5. THE EU CBAM AS AN INSTRUMENT OF CLIMATE LEADERSHIP
The analysis of different simplified models of CBAMs illustrates how CBAMs’ legal design is heavily influenced by their primary purpose. Conversely, CBAMs’ legal design illuminates the type of purposes that they can achieve. The table below gives an overview of the different purposes attached to CBAMs, their underlying assumption and their matching design. In this table, the boxes coloured light grey include all the design choices that correspond to the design of the Commission’s proposal. From this, it appears clearly that the European CBAM is closer to the climate leadership model than to the fair competition model.
Due to the absence of adjustments on exports, the Commission’s proposal is likely to be more effective at fostering the EU’s climate leadership than at mitigating carbon leakage. This is not to say that the European CBAM will have no effect on carbon leakage. Adjustments on imports will reduce carbon leakage risks but not fully eliminate them.120 Regarding its effects in relation to the Paris Agreement, the European CBAM will allow the EU to meet its commitments in terms of climate neutrality and might encourage some non-cooperative countries to increase their commitments in line with the Paris Agreement. However, as explained in Sections 2.2 and 4.2, the systematic and indiscriminate use of CBAMs is inconsistent with the approach of the Paris Agreement. The European CBAM will not only impose a carbon price on products from non-cooperative countries but also on products from cooperative countries, namely countries whose climate policy meet the requirements of the Paris Agreement. For these countries, the CBAM will impose a higher carbon price on part of their greenhouse gas emissions (namely the emissions embedded in products from cooperative countries imported into the EU) than what would have been necessary in the light of their national circumstances. Due to the CBAM, these cooperative countries will no longer be able to fully decide upon their domestic climate policy.121 From this perspective, the European CBAM should not be considered as an appropriate tool to foster compliance with the Paris Agreement. Regarding the budgetary objective, the design of the European CBAM seems suitable: The plan is to allocate most of the revenues to the EU budget.122
The design of the EU CBAM proposal as first and foremost an instrument of climate leadership is surprising in some respects and unsurprising in others.
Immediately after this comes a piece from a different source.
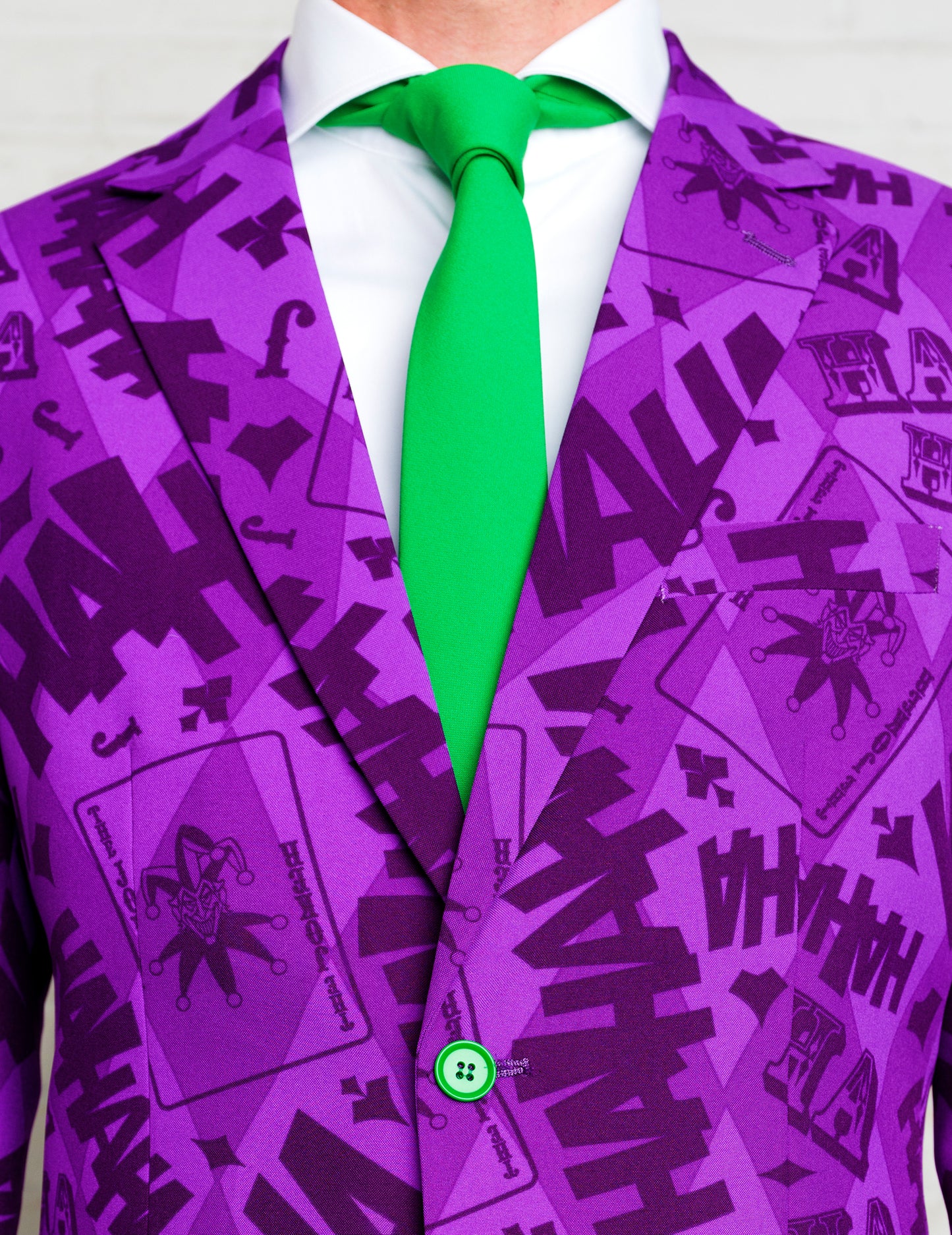 Costum Domnul Joker s -a opus omului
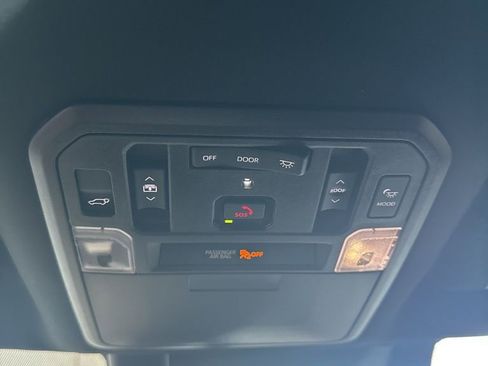 Used 2025 Toyota Sequoia Platinum AWD/4WD image 51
On the one hand, it is surprising because the Commission has primarily justified its proposal by reference to the objective of addressing carbon leakage risks not by reference to the promotion of its climate leadership. It suggests that the Commission has either misrepresented the goals that it sought to achieve through the European CBAM or not (or insufficiently) thought about the relationship between the design of its proposal and its main purpose and thus made the wrong design choices. On the other hand, it is unsurprising as it confirms the EU’s leadership role in climate change matters. The EU has long been portrayed as a ‘global environmental leader’ because it has encouraged the adoption of international environmental agreements, including climate change agreements.123 Moreover, the EU has been described as a ‘directional leader’ who leads by example through the adoption of ambitious domestic climate policies.124
The EU CBAM proposal could be seen as putting an end to the EU’s global climate leadership because it is inconsistent with the approach of the Paris Agreement. Yet, the Commission’s proposal could also be viewed as an attempt by the EU to support a new and more ambitious international climate agreement that would impose a minimum carbon price equivalent to the price applied under the EU ETS. The EU CBAM proposal implements and goes beyond directional leadership. It does not only set an example that others might decide to follow but it also allows the EU to enforce its carbon price on foreign products. A similar strategy was used in 2008 when the EU adopted a directive extending the scope of the EU ETS to the aviation sector, including for flights which do not fully take place over the EU’s territory but merely arrive at or depart from an aerodrome situated in the EU.125 Third countries strongly opposed this new EU approach126 and the Commission decided to defer enforcement of the EU ETS obligations on aircraft operators in respect of activities to and from aerodromes in countries outside the Union.127 Given that it extends, in a similar way, the scope of the EU ETS, the Commission’s proposal for a CBAM might attract the same kind of opposition.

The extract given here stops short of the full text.